» **Assignment**
As the answer, return precisely the lines from the one containing "Echinacea Art's Pride" to the final line of the material below, inclusive, and omit every picture.

» **Records**
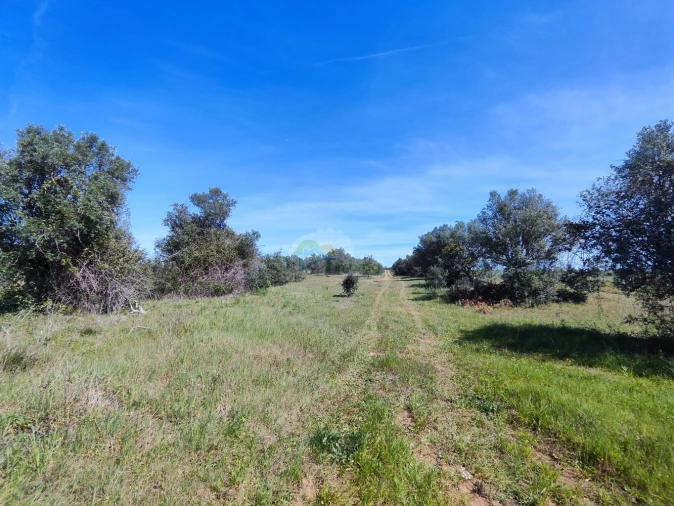 Terreno para Venda em São Manços e São Vicente do Pigeiro Foto 10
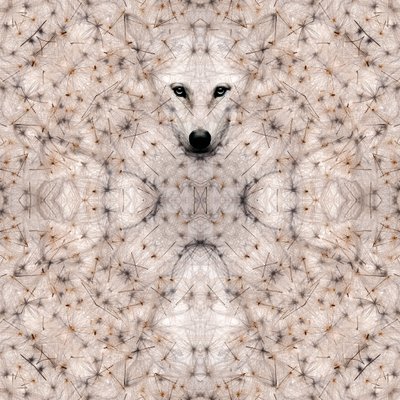 Semi lupus, 2023 (técnica mixta digital) de Olivia Gozzano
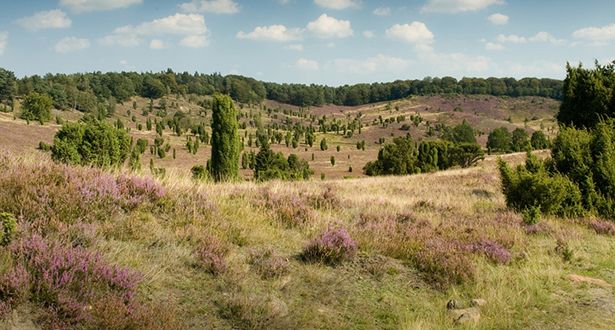 Panoramablick auf das Heidetal Totengrund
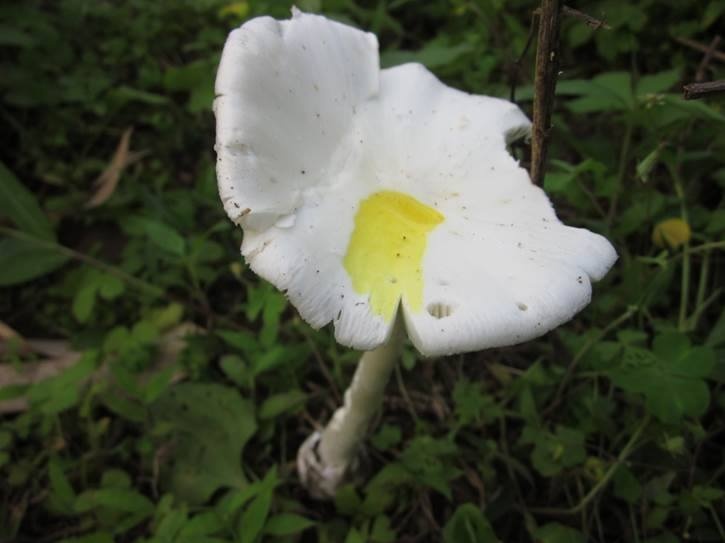 Sai lam khi nhan biet nam doc khien ban co the mat mang hinh anh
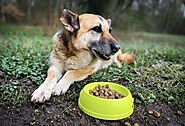 iframely: My dog won’t eat- List of causes and best solution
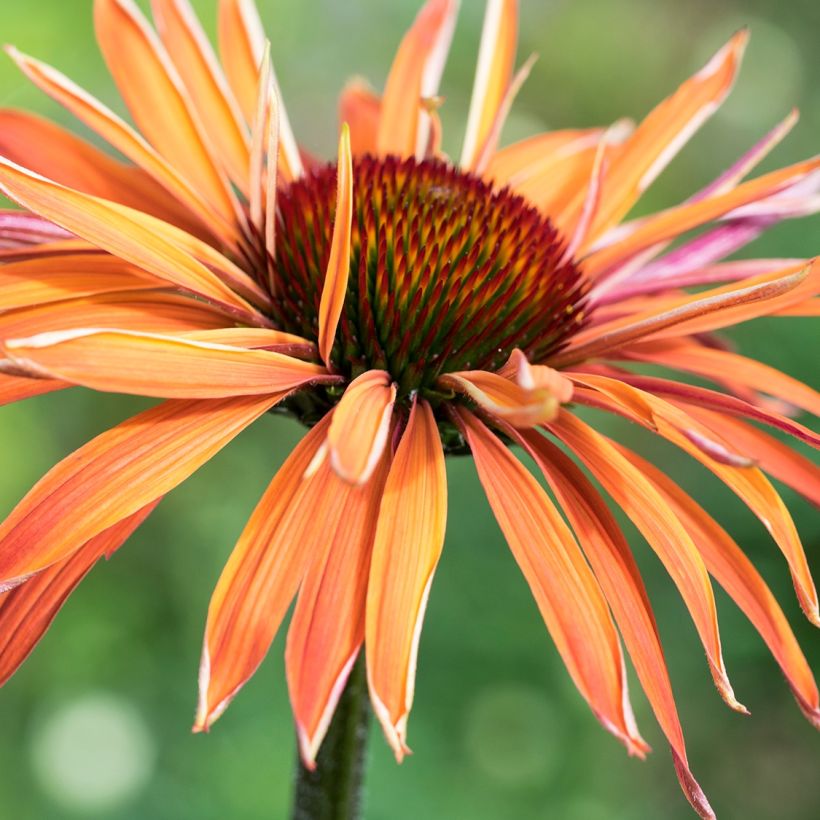 Echinacea Art's Pride - Scheinsonnenhut (Flowering)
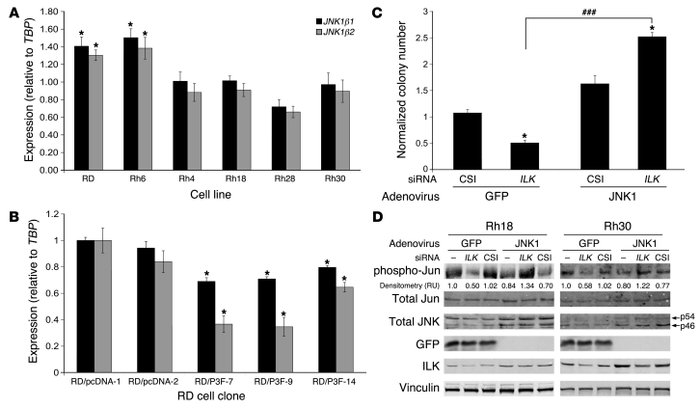 Restored expression of JNK1 reverses the ARMS response to ILK depletion....
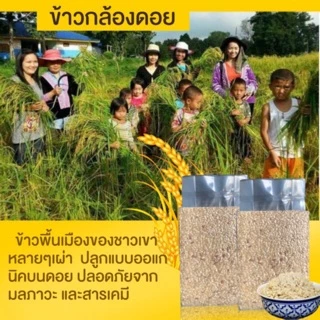 *ค่าส่งถูกที่สุด*ข้าวกล้องดอย ปลอดสาร 1 กิโลกรัม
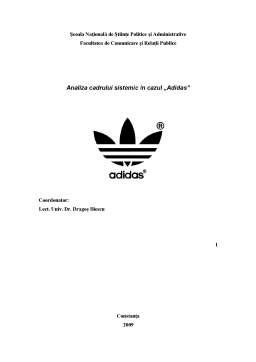 Referat - Analiza Cadrului Sistemic în Cazul Adidas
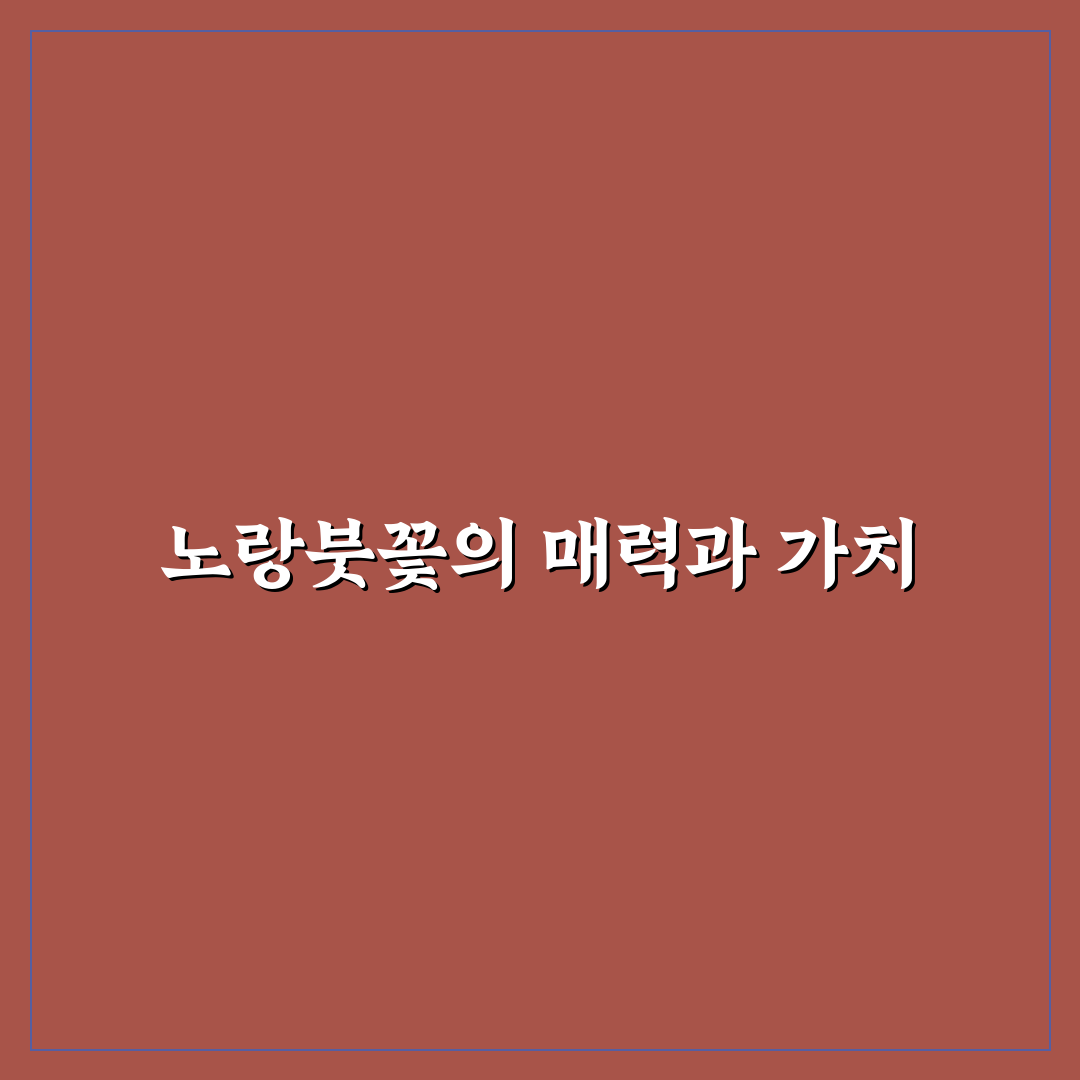 노랑붓꽃 성장 환경과 관리 기준 5가지 분석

» **Solved problem**
 Echinacea Art's Pride - Scheinsonnenhut (Flowering)
 Restored expression of JNK1 reverses the ARMS response to ILK depletion....
 *ค่าส่งถูกที่สุด*ข้าวกล้องดอย ปลอดสาร 1 กิโลกรัม
 Referat - Analiza Cadrului Sistemic în Cazul Adidas
 노랑붓꽃 성장 환경과 관리 기준 5가지 분석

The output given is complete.